Я прочел Андре Жида по-французски. Это было непросто, ибо Жид был запрещен, во-первых, а во-вторых, французского в моей школе не было. Но если очень надо, так и язык выучишь.

А вообще я читаю и слушаю, что во мне происходит. Когда-то Бежин обо мне писал, как о критике, что я пускаю себя как простодушного читателя, как собачку на веревочке, следом иду как хозяин этой собачки и слушаю, что происходит с собачкой. То есть внутри меня живет простодушнейший читатель. Простодушнейший.

Это двойное самонаблюдение у меня в природе. Читаю текст и соображаю: мне скучно. Ага! То ли текст не тот, то ли я не дорос. Начинается анализ ситуации: почему данный текст мне в данной ситуации скучен? Или безумно интересен? Анализирую: что захватывает? Иногда сюжет. Иногда сюжет дико раздражает. Если я понимаю, что меня сюжетом развлекают, я его бросаю немедленно. Когда я понимаю, что меняется мое простодушное «Я» – это самый замечательный случай. Плохо написанный текст может быть таким же выразительным, как и хорошо написанный текст. Тот же Николай Островский в своем плохо написанном тексте выразил больше, чем многие блестящие литераторы, писавшие параллельно с ним хорошие тексты. Потому что Николай Островский открыл новую реальность.

Достоевского когда-то упрекали, что «Преступление и наказание» – это желтый полицейский роман с плохо написанным текстом. Оказалось, что Тургенев, который писал фразы лучше, чем Достоевский и Толстой, не открыл того, что открыли они.

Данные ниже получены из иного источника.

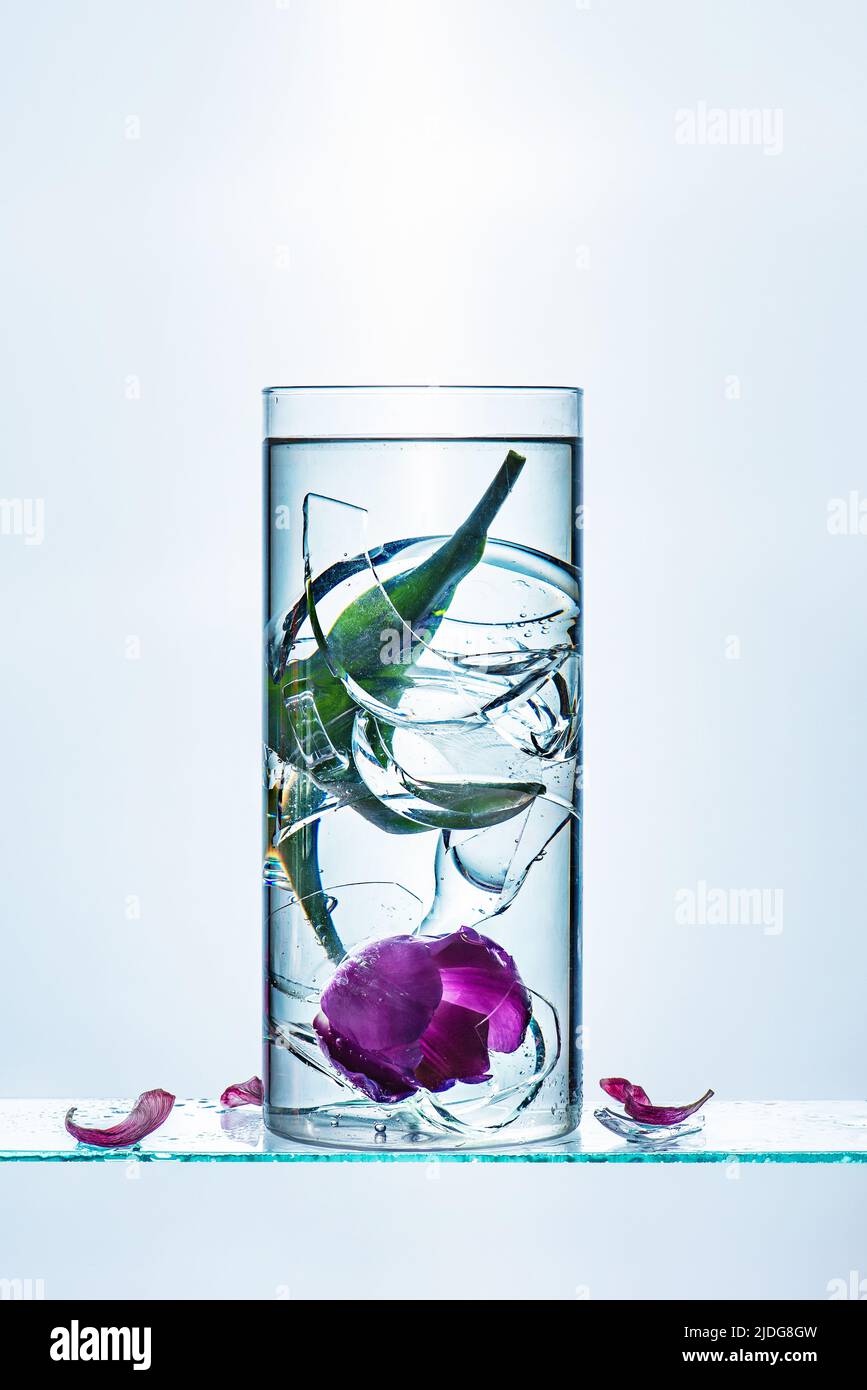 Concepto de ansiedad, tulipán roto en agua fría con fragmentos de vidrio Foto de stock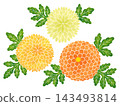 水彩風格的菊花（橘色調） 143493814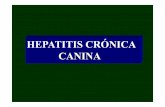 HEPATITIS CRÓNICA CANINAE... · en la enfermedad hepática es tóxico para el hepatocito. ... Hipótesis de defecto primario metabólico estudio en 10 perros ... similares a los
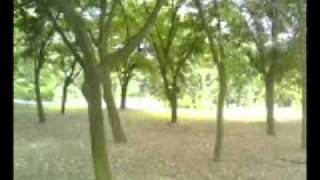 Video thumbnail of "ANDREAS VOLLENWEIDER - Pyramid - In the Wood - In the Bright Light.wmv"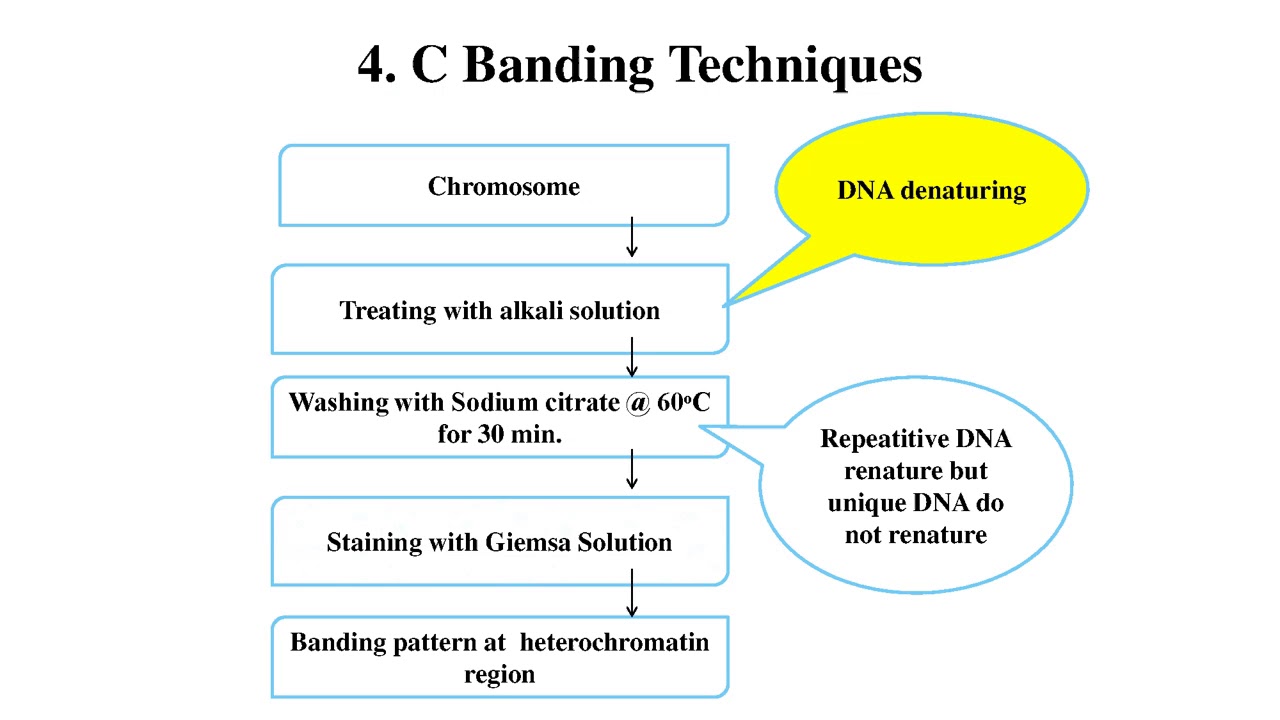 Chromosome banding and painting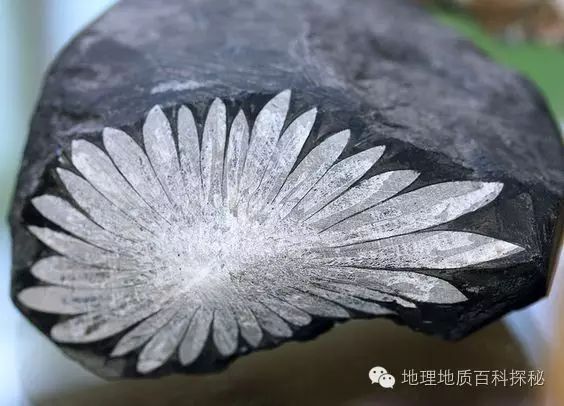 鬼斧神工地质遗珍视频,鬼斧神工的地质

Вечный вопрос, Лев Александрович, личность писателя и его творчество. Как они соотносятся?

– Возьмем, к примеру, Евтушенко, которого я не так давно всего перечитал. Вы берете его текст и видите дикое количество стихов, которые склепаны наскоро, чтобы поучаствовать в каком-то политическом спектакле. Очень много рационально рассчитанного. И очень много иррационально просчитанного – он все-таки опытный человек. Это такой ворох хорошего и плохого, это такая смесь притворства, искренности, кокетства… Я начинаю из стихов (и плохих и хороших) строить модель. Соображать, что за судьба их породила.

Я отлично знаю, что это был за мальчик со станции Зима. И что это был потом за коммивояжер молодой злости. И что это потом стал за мэтр либеральный. И что это сейчас за полуэмигрант и непонятно что. Я это уже знаю, а если бы я этого и не знал, я бы из стихов это понял.

Я понимаю, что эта личность, этот мальчик со станции Зима – порождение невероятных смесей: немецкая, прошедшая через Латвию, кровь, – с одной стороны, украинская – с другой. Потом в Сибири все перемешалось – два деда в ссылке. Все настолько точно моделирует историю советского периода, что возникает это существо – мальчик со станции Зима. Молодое, ломкое, быстрое. И идет этот мальчик и поет: «Граждане, послушайте меня…»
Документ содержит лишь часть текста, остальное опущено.